However, that doesn’t answer the question of how the hell Othello transforms from trusting his wife completely to deciding to murder her, in the space of a single scene?
At the beginning of the Temptation Scene (Act 3, scene 3), Desdemona assures Cassio that she will not rest until he regains his former position. In her own words, she says “if I do vow a friendship, I’ll perform it to the last article” and she even states “thy solicitor shall rather die than give thy cause away“. True to her word, when Othello enters she tries to cajole him into calling Cassio back and when he refuses saying “some other time“, she continues pressing the matter, questioning repeatedly “shall it be soon?” “shall it be tonight at supper?” “Tomorrow dinner then?” “Why then tomorrow night; or Tuesday morn; or Tuesday noon, or night; or Wednesday morn”. This is undoubtedly Desdemona at her most irritating, yet Othello finds her behaviour cute, not nagging. Immediately after she leaves, he looks after her fondly, claiming that he loves her deeply and that without her his world would be in tatters “Perdition catch my soul but I do love thee! And when I love thee not, chaos is come again“. However, by the end of this scene, Othello is plotting her death!
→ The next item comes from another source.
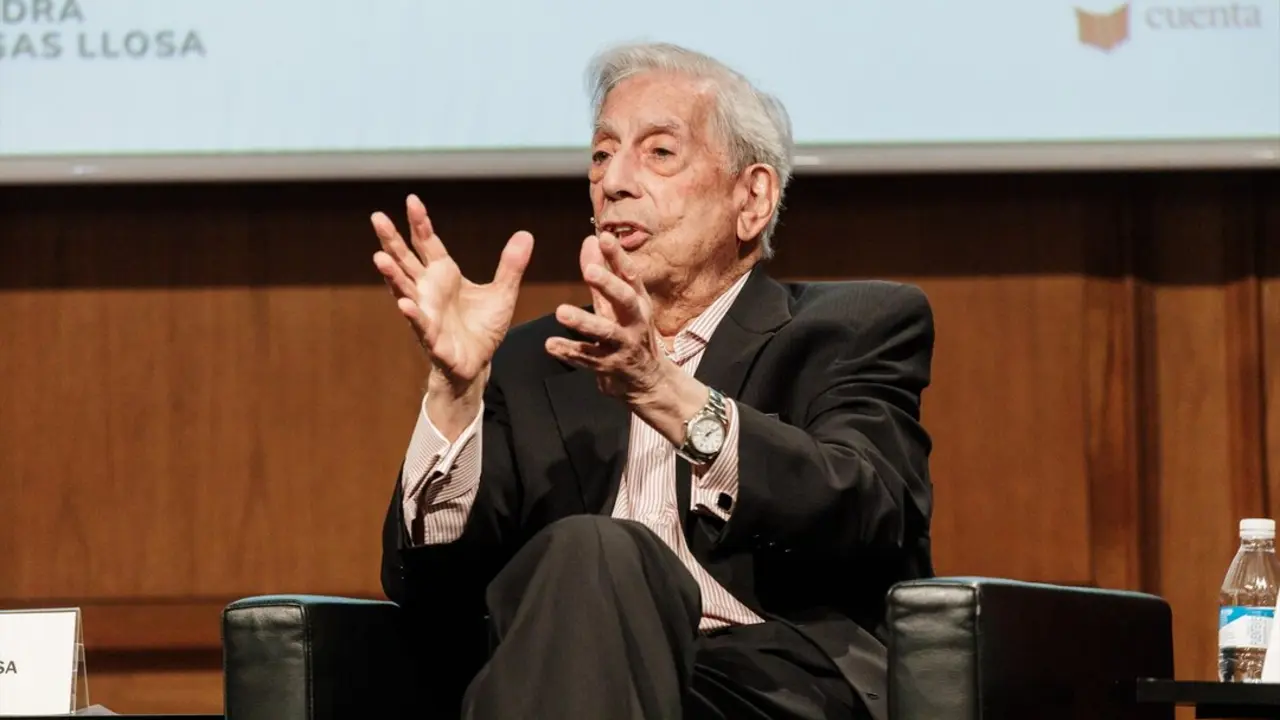 El escritor Mario Vargas Llosa participa en el ciclo 'El fuego de la imaginaci&oacute;n', en el Instituto Cervantes. / Carlos Luj&aacute;n
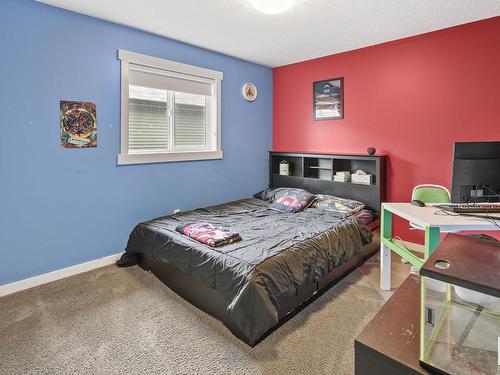 4904 Crabapple Lane, Edmonton, AB - Indoor Photo Showing Bedroom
Here are the tactics Iago uses to convince Othello that Desdemona is cheating on him:
- “Hah! I like not that!” There’s something really bothering me but I’d rather not say. “Utter my thoughts? Why say, they are vile and false?“
- Why is your wife so obsessed with Cassio getting his job back?
- Didn’t ye all hang out together when you were wooing her? I’m not sure you can trust him…
- You don’t know this because you’re not from around here, but Venetian women cheat on their husbands all the time! They’re just really good at hiding it!
- Didn’t Desdemona “deceive her father, marrying you? And when she seem’d to shake and fear your looks, she loved them most” In other words, she’s a pretty good actress you know!
- Isn’t it a bit weird that she married you, a black man? She rejected “many proposed matches of her own clime, complexion and degree” for no good reason. “One may smell in such, a will most rank, foul disproportion, thoughts unnatural”. [At this point Othello claims “I do not but think that Desdemona’s honest” but he also orders Iago to “set on thy wife to observe“, laments giving up his single status “why did I marry?” and concludes “She’s gone, I am abused, and my relief must be to loathe her. O curse of marriage! That we can call these delicate creatures ours and not their appetites. I had rather be a toad and live upon the vapour of a dungeon, than keep a corner in the thing I love for others uses“. He keeps contradicting himself; as he sees her approach he says “If she be false, O! then heaven mocks itself. I’ll not believe it“. Desdemona is full of concern for her beloved “Are you not well?” and accidentally drops her handkerchief as she attempts to bind his sore head. Emilia picks it up, gives it to Iago. Then Othello returns and threatens Iago “If thou dost slander her and torture me, never pray more; abandon all remorse; on horror’s head horrors accumulate” who fakes disgust at his ‘mistreatment‘ claiming “to be direct and honest is not safe“. Iago then mocks the idea that Othello will ever get absolute proof commenting sarcastically “would you, the supervisor, grossly gape on; behold her tupp’d?”… “It is impossible you should see this” but instead he promises circumstantial evidence of Desdemona’s betrayal. So, let’s keep going with Iago’s ‘proofs’]
- Oh yeah, by the way Othello, Cassio was moaning about Desdemona in his sleep, and he laid his leg over my thigh and sighed and kissed me and said “Cursed fate, that gave thee to the Moor!” so he must be shagging your wife if he’s moaning things and groping her in his sleep.
- Also, you know that handkerchief you gave Desdemona? “Such a handkerchief – I am sure it was your wife’s – did I to-day see Cassio wipe his beard with“.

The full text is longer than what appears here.